Access violation when using Java Unsafe API

I have an application which requires the allocation of multiple-millions of small objects. Through testing and instrumentation, I've discovered that the time spent construction the objects is substantially longer than the time spent in algorithmic processing. So I've been experimenting using the Java Unsafe API to create objects through direct memory manipulation. Although I recognize that Unsafe is, well, unsafe and may go away in Java 9, this is still an interesting investigation for me because of the unusual nature of my problem (which I described in an earlier post Allocating large numbers of Java objects). If I could get this to work, it would mean that my code would have to take care of some of its own memory management, but that's a small price to pay to improve the run-time performance of my application.

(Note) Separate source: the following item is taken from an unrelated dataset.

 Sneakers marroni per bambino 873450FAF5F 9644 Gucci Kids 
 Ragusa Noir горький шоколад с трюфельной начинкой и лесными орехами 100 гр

The good news is that I am seeing a 20-fold improvement in the time to allocate objects. The bad news is that the objects seem to be unusable. Although I can set values for data primitives within the objects (ints, floats, etc.), when I try to store object references, the JVM crashes with a fatal EXCEPTION_ACCESS_VIOLATION.

Does anyone have suggestions on how to make this work or, failing that, why it doesn't work? I thought it might have something to do with memory barriers or the GC mark-and-sweep support, but haven't found an answer on the web.

Also, am running this under Java VM: Java HotSpot(TM) 64-Bit Server VM (23.25-b01 mixed mode windows-amd64 compressed oops)


A sample block of code follows.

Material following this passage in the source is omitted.